You can read all thirteen of them above. They're not binding on the legislature, but in a dominant party system the results of referenda on the primary ballot have a strong say. You can read past year's propositions, and the results, here: https://texasgop.org/republican-primary-ballot-propositions/. All of the ones which aren't just fluffy signaling had at least a serious attempt to enact them by the government, except for the life amendment(this is probably because the Texas GOP isn't flat out delusional and realizes such an amendment would fail). Greg Abbott called two special sessions to address 2022's #9(school choice) and put 10,000 troops on the border to address #1(they're still there). The results of these referenda are a very strong guide to what Greg Abbott's priorities for the following legislative session are and have a lot of influence over other state officials as well- although not everything happens. And given that Texas has an economy the size of the Netherlands and the second largest population in the USA, it seems like Texas legislative priorities for the next session(Texas's legislature meets once every other year, so this is the 2025 session, not a 2024 session) are relevant culture war fodder.

To start with, a note on the secession proposal- the threshold for putting a proposition on the primary ballot is, under state law, signatures equivalent to 5% of the votes for the party's gubernatorial candidate in the last election, which for republicans turned out to be about 100k. The secessionists got 140k, then, well, read the rejection letter(https://texasgop.org/texit-prop/). To note Matt Rinaldi is not a rino; he's not using loopholes to reject this proposition because he loves Joe Biden or would be uncomfortable with the policy direction of a Texas that doesn't have to answer to DC. The Texas GOP seriously appears to want to not have to deal with the secession question right now, although a case can be made that most of the state party leadership wants to keep it in their back pocket for if a socialist gets elected or a Lebanon-style civil war breaks out or something.

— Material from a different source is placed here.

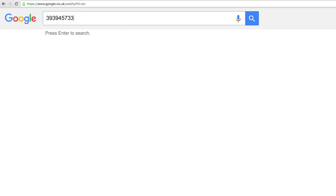If you're wondering how to pronounce a very long number, just type that number into Google followed by 'equals English' and it will tell you how to say the number in words.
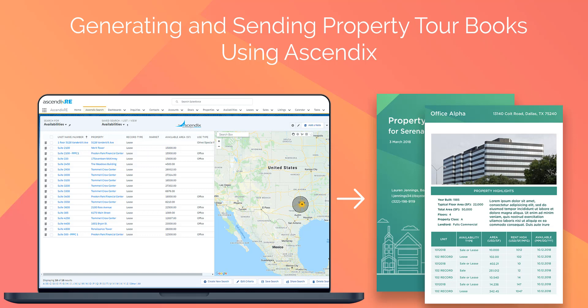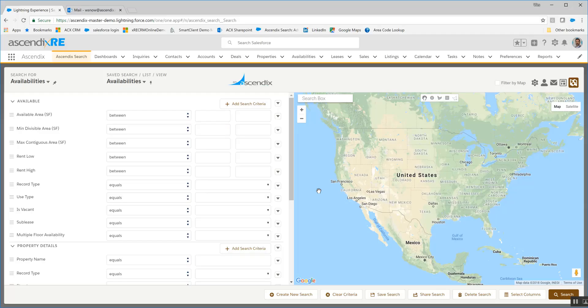This is an example of the new search tool facilitating what I'll characterize as end-to-end processing — from identifying a particular tenant's requirements and applying those to a search criteria, getting a result set, and then sending them a property tour book. So this is really cool.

The Texas Nationalist Movement, which occasionally has success on less core issues, is posturing on twitter about wanting to sue the GOP to get a ballot referendum, but it'll probably just get dismissed if they do file it.

Onto the actual proposals-

1- Eliminating property taxes. Texas property taxes are legitimately too high and have to be brought under some sort of control(and the GOP primary electorate are very heavily homeowners); this proposition is probably going to pass at like 99/1. What the legislature actually does with it is unclear, but I'd expect a stricter regulation on raising property appraisals(although nothing like california's prop 13; there are enough technocrats in the legislature to avoid something so stupid) coupled with a buydown of rates.

2- Is about the border. So are 3, 4, and 5. I expect e-verify(system for checking workers to be US citizens) to be enacted, then evaded with temp agencies that never get prosecuted, the border to get tightened up, and in state tuition at state universities to require proof of citizenship. Public schools probably won't kick the illegal immigrants out.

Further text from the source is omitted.